Are There Two Broadband Markets?

In a recent survey of 8,000 broadband customers nationwide, Parks Associates found that FWA cellular wireless customers feel better about the price they pay for broadband than subscribers of other technologies.

The survey asked broadband customers to react to the following statement: “I receive Internet service at a fair cost / good price”. The response by technology was as follows:

  • 61% of FWA cellular customers reacted positively to the question.
  • 51% of fiber customers feel they are paying a fair price.
  • 40% of DSL customers responded positively.
  • Only 35% of cable customers think they are paying a fair price.

These responses are measuring two things – the way customers feel about broadband performance of each technology combined with how they feel about the price.
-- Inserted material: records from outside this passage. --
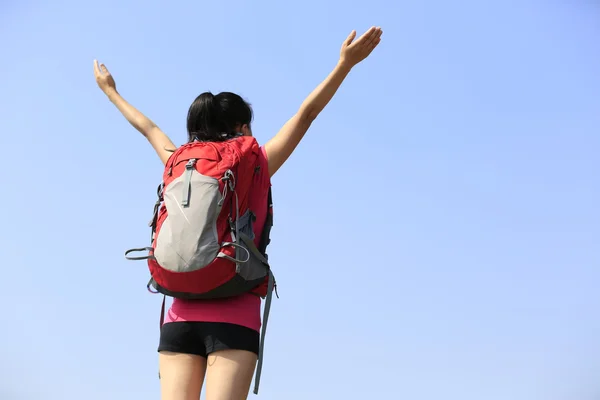 徒步旅行的女人 — 图库照片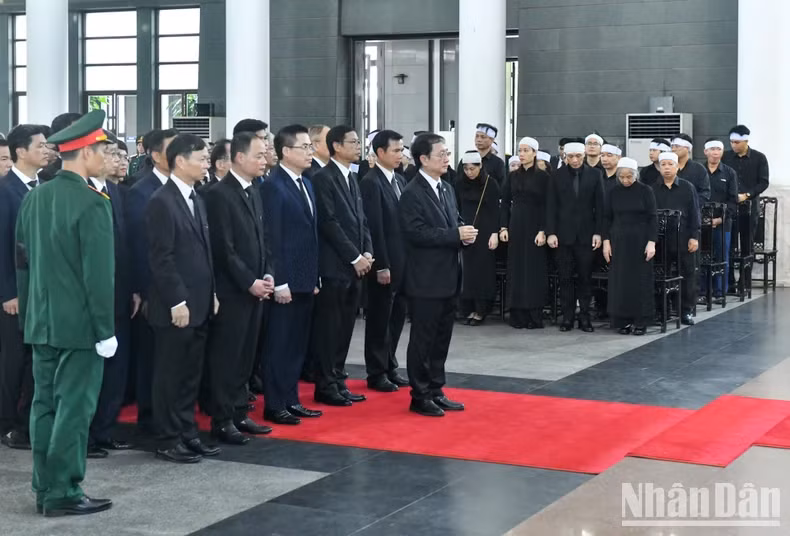 越南科学技术部代表团吊唁越共中央总书记阮富仲逝世。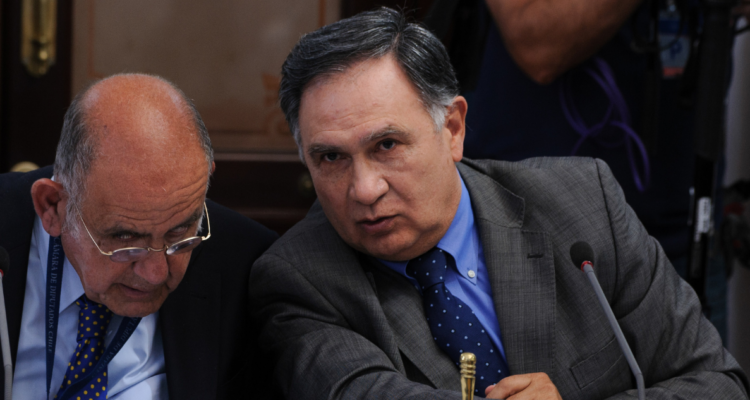 Mellado (RN) tras anuncio de censura en CEI: “Quieren a un presidente afin al Gobierno para manejarlo”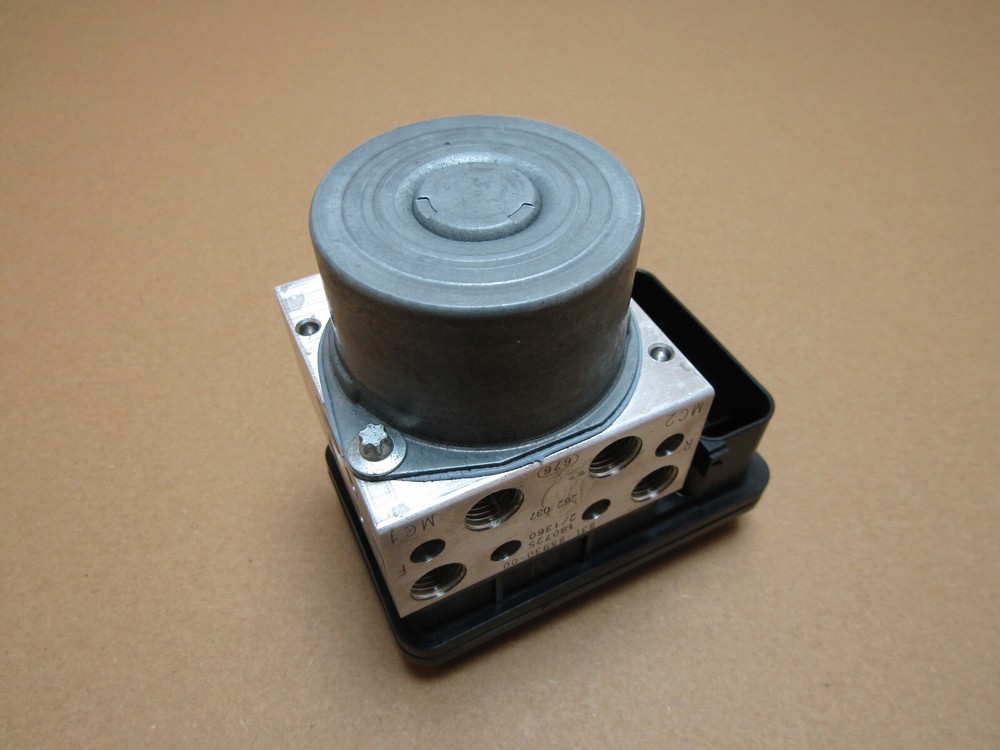 Yamaha YZF-R1M 2020 ABS pump control unit module (9488)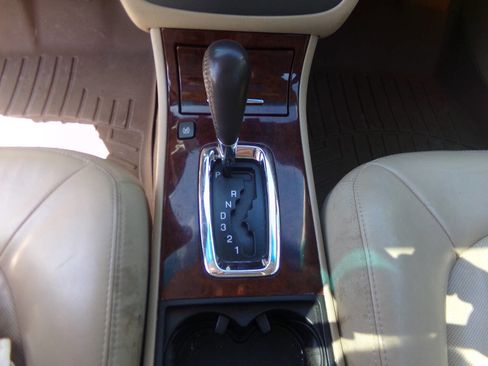 Used 2007 Buick Lucerne CXL FWD image 35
These survey results have to be troubling to cable companies. Cable companies have been raising rates regularly for years. For example, Comcast already has rates far higher than FWA, and yet the company still raised rates by $3 in December 2023. There is no mystery why customers like FWA pricing more than cable company pricing. Comcast has a list price of $86 for a 200/5 Mbps broadband connection, and most customers also are charged $15 for a modem. This contrasts with Verizon FWA, which has a list price of $60 for speeds between 100 – 300 Mbps, with addition savings for using autopay or for bundling with Verizon cellular. T-Mobile FWA has a list price of $65 with a small discount for autopay.

However, the list price isn’t everything since a lot of customers are paying less than list price. Verizon had a recent promotion for FWA home broadband at $40 for new customers and $25 for existing cellular customers. T-Mobile has been advertising a price for home broadband for $30 for existing T-Mobile cellular customers. Comcast also has heavily discounted special prices. There are current web deals for buying the 200/5 Mbps plan for $30 ($45 with the modem). But every customer buying a low-price Comcast product knows the prices will eventually skyrocket when the promotion is over.

The customer reactions to fiber are more puzzling where 50% of customers don’t think they are paying a fair price. Many fiber providers have prices that aren’t that different than FWA wireless. AT&T sells 300 Mbps fiber for $65. CenturyLink sells 500 Mbps fiber for $50. Frontier sells 500 Mbps for $50.

My consulting firm conducts surveys, and we’ve been seeing similar results. I’ve recently come to the conclusion that there are two different broadband markets in the country – a market of customers who care about price and one where customers care about speed.

There has been a huge migration of customers upgrading to gigabit broadband. OpenVault reported that at the end of 2023 that one-third of all broadband customers are now subscribed to gigabit speeds. These are clearly the customers who care about speed, and these households are likely not interested in the slower speeds being delivered by FWA cellular wireless.

Eight million customers have elected to buy FWA home broadband that delivers top speeds between 100 and 300 Mbps. Some of these customers live in rural areas where this is the only fast option, but many of these customers are in towns and cities and are switching from cable companies and fiber ISPs. These are the customers for whom price is more important that broadband speeds. These customers find the FWA speeds to be good enough, at least in relation to the price they pay.

This creates a real dilemma for cable companies. They have lowered the promotional prices to the lowest level I’ve seen in many years to compete with FWA prices. At the same time, cable companies are seeing many customers migrate to the fastest speeds and higher-priced products – but these customers hate the prices. It’s easy to understand customer dissatisfaction when some customers are getting promotional prices at $30 while many other customers are pay far more than $100. It’s virtually impossible for a cable company to satisfy both sets of customers. The attempt to deal with the two drastically different market segments might be a major part of the reason why Comcast and Charter have stopped growing.